Powell Acting On The Policy He Worried About
The next quote is interesting because he’s questioning how the unwind will be a success and now he’s in change of doing that exact policy. He’ll have to make a quick switch from saying the Fed has nothing under control to saying everything is in control. At that same meeting Powell said the following:
“When it is time for us to sell, or even to stop buying, the response could be quite strong; there is every reason to expect a strong response. It just seems to me that we seem to be way too confident that exit can be managed smoothly. Markets can be much more dynamic than we appear to think. When you turn and say to the market, “I’ve got $1.2 trillion of these things,” it’s not just $20 billion a month— it’s the sight of the whole thing coming. And I think there is a pretty good chance that you could have quite a dynamic response in the market.”

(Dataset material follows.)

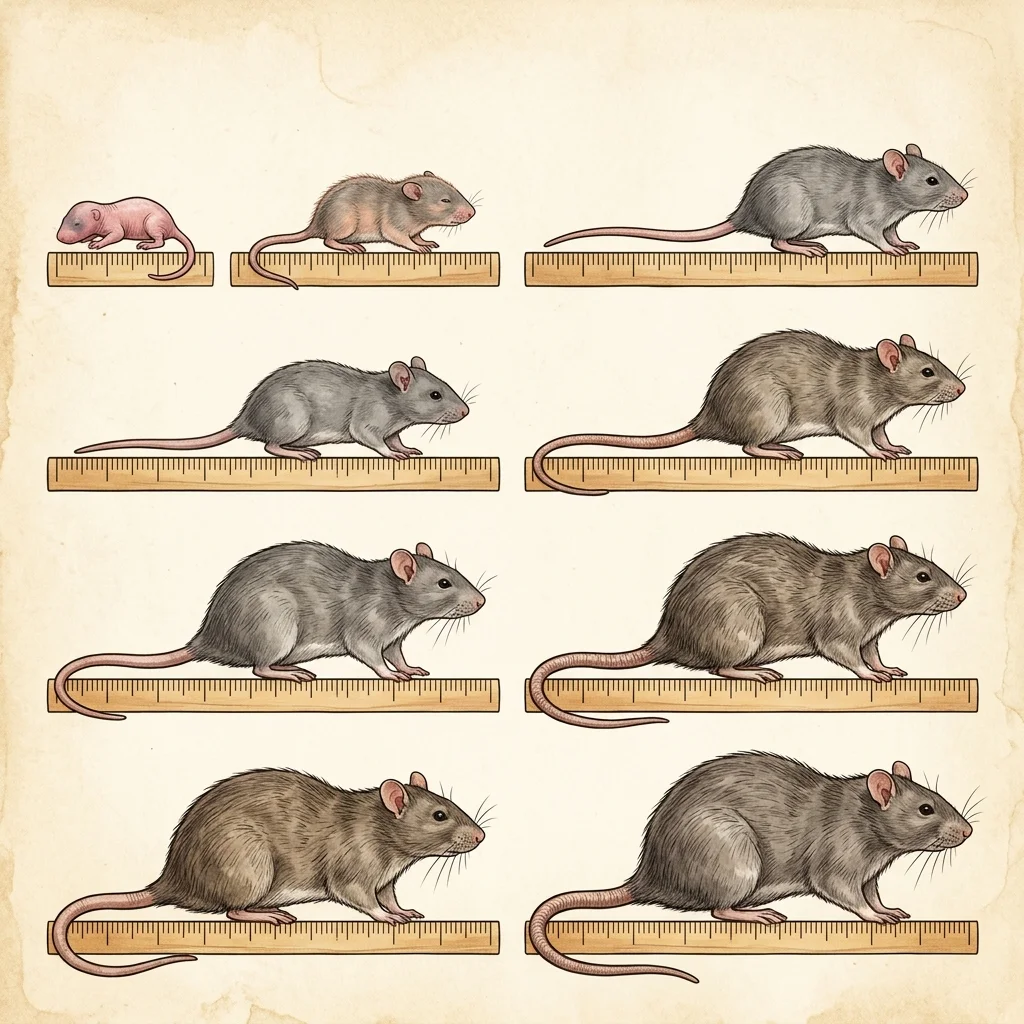 Detailed scientific illustration showing all rat sizes from pinky to jumbo with ruler reference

The best response to Powell’s statement is so far, so good. The chart above shows the Fed’s balance sheet since the statement in October 2012.
The Fed successfully stopped buying treasuries and mortgage backed securities. Since the Fed stopped its QE, there was massive buying by the ECB. We’ll see in 2018 and 2019 when the ECB tapers its program if the ECB masked the Fed’s end of QE or if the markets were able to absorb the shock without risk to financial conditions, the economy, and the stock market. As you can see from the chart below, the Fed has barely shrunk the size of the balance sheet 2 months into the policy.

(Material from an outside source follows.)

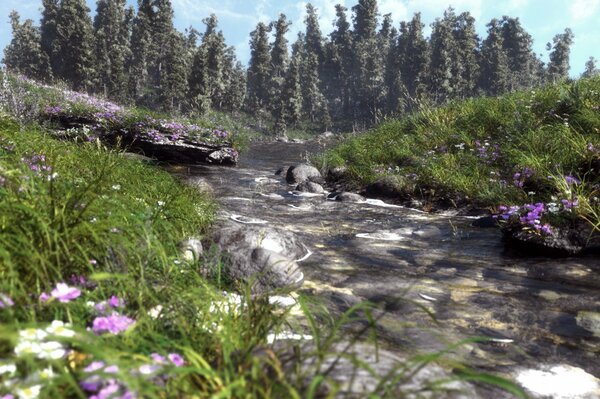 A river with a rocky bottom, overgrown with grass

The Fed accelerated the speed of the unwind to $20 billion per month starting in January just as the ECB lowered its bond buying from €60 billion per month to €30 billion per month. Even with this unwind and tapering, the S&P 500 started the year with 6 straight records. It looks like the risks Powell worried about haven’t come true, yet.
The Fed Encourages Risk?!?
The final quote is what stirs those who are worried about the ramifications of low interest rates and QE. Powell says,
“I think we are actually at a point of encouraging risk-taking, and that should give us pause. Investors really do understand now that we will be there to prevent serious losses. It is not that it is easy for them to make money but that they have every incentive to take more risk, and they are doing so. Meanwhile, we look like we are blowing a fixed-income duration bubble right across the credit spectrum that will result in big losses when rates come up down the road. You can almost say that that is our strategy.”
The S&P 500 has had a record streak without a 3% selloff and has had a record streak of positive total monthly returns (14). This makes some investors worry if there’s an endless put in the market created by the Fed which eliminates selloffs. The reason this is worrisome is because the more unhinged valuations become, the further stocks can fall. It’s easy to see a Fed chair like Powell pulling the plug on the idea that the Fed will help the stock market if anything goes wrong. That’s far from the ideal scenario for investors with heavy portfolio weightings in equities who’ve relied on the Fed to protect them until now.
On the bright side, Powell’s worry that ending the QE program would cause problems was unfounded as there hasn’t been any systemic risk as stocks have rallied and the economy is fine. The unwind is going well, but we’re only in the 1st or 2nd inning of it. The fact that Powell is afraid the market is being supported by the Fed is very worrisome because he might try to go out of his way to prick the bubble if stocks have a great 2018. There aren’t any great solutions to stopping bubbles; the best policy is to avoid creating them in the first place.